On 2019-07-13 16:47, ph10 wrote:
On Sat, 13 Jul 2019, ND via Pcre-dev wrote:
PCRE2_PARTIAL_HARD is intended for multisegment matching. I think when
this
> option is set it means: this subject IS incomplete, it's only a non-last part
> of a certain "entire" subject.
It was never intended to mean "this subject is incomplete", rather "this subject MAY BE incomplete". However ...

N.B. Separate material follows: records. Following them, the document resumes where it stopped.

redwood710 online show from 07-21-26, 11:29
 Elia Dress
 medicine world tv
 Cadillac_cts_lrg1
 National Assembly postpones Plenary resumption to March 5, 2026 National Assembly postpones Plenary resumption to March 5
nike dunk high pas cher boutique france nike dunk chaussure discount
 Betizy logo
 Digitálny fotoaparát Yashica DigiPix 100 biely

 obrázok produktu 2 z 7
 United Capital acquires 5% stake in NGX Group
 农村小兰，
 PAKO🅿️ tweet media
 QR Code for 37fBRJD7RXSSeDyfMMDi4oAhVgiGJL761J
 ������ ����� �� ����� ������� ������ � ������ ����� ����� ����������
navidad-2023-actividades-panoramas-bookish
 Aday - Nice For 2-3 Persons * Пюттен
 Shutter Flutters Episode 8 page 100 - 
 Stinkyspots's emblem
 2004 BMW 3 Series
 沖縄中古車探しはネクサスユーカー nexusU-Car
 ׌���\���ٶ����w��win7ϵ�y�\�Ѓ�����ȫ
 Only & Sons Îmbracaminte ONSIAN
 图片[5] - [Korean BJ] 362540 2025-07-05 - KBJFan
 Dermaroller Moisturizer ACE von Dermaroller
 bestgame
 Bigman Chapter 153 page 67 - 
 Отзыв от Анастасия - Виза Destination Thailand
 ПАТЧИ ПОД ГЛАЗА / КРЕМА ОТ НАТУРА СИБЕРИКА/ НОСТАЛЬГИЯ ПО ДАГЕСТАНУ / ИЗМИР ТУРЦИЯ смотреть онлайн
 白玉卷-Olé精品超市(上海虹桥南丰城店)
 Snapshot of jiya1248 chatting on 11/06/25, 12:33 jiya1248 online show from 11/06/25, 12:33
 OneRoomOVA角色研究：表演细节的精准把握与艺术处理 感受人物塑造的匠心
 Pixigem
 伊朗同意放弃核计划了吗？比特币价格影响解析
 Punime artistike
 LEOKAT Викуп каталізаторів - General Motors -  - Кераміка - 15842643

I don't agree. It can't be "MAY BE". Multisegment matching based upon fact that before executing pcre2_match() we exactly know is subject complete or not. Without this knowledge there is no way to treat arrived segment of subject in appropriate manner. When we know that subject IS incomplete we call pcre2_match() with PCRE2_PARTIAL_HARD option. When last segment arrived we call pcre2_match() without PCRE2_PARTIAL_HARD. At its core \z is positive lookahead assertion that want to inspect next character of subject.
It is something like (?!\C).
Ups! When I write this I saw that (?!\C) and other patterns also returns complete match:

PCRE2 version 10.33 2019-04-16
/(?!\C)/
ab\=ph
 0:

PCRE2 version 10.33 2019-04-16
/c*/
ab\=ph
 0:

I think it's obvious that this examples (especially brightly the last) should return "no match". Why PCRE decided that segment "ab" is last (complete)? It is a user work to tell about it via setting PCRE2_PARTIAL_HARD option.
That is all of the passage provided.